§ **AVAILABLE DATA**
···
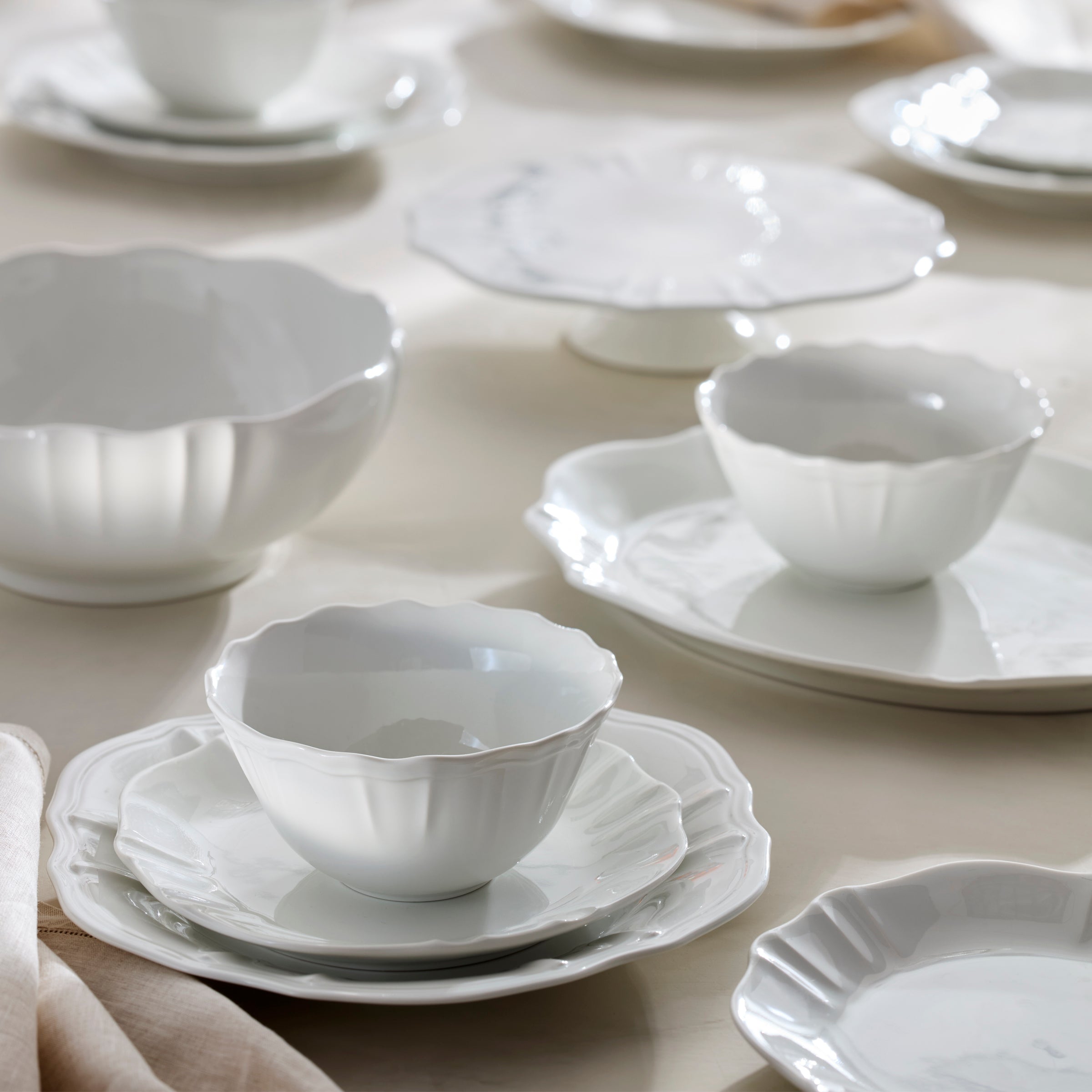 Glossy White Porcelain Dinnerware Set, 12-Piece - Image 16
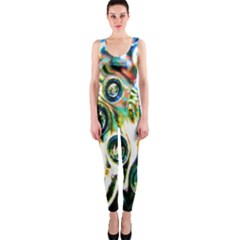 Dark Abstract Bubbles Onepiece Catsuit by Nexatart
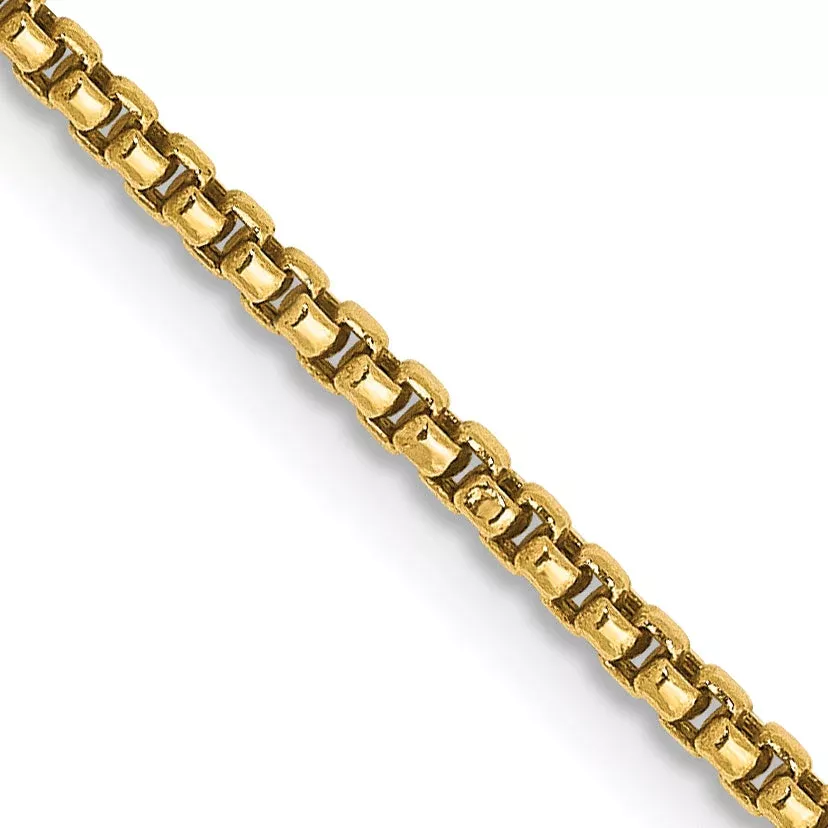 14K Yellow Gold 24 Inch 1.5mm Semi-Solid Round Box With Lobster Clasp Chain Necklace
···
§ **TASK DETAILS**
Return only the lines from the one that contains "Dark Abstract Bubbles" through the closing line of the data, inclusive, reproduced exactly and with every picture left out.

§ **YOUR RESPONSE**
 Dark Abstract Bubbles Onepiece Catsuit by Nexatart
 14K Yellow Gold 24 Inch 1.5mm Semi-Solid Round Box With Lobster Clasp Chain Necklace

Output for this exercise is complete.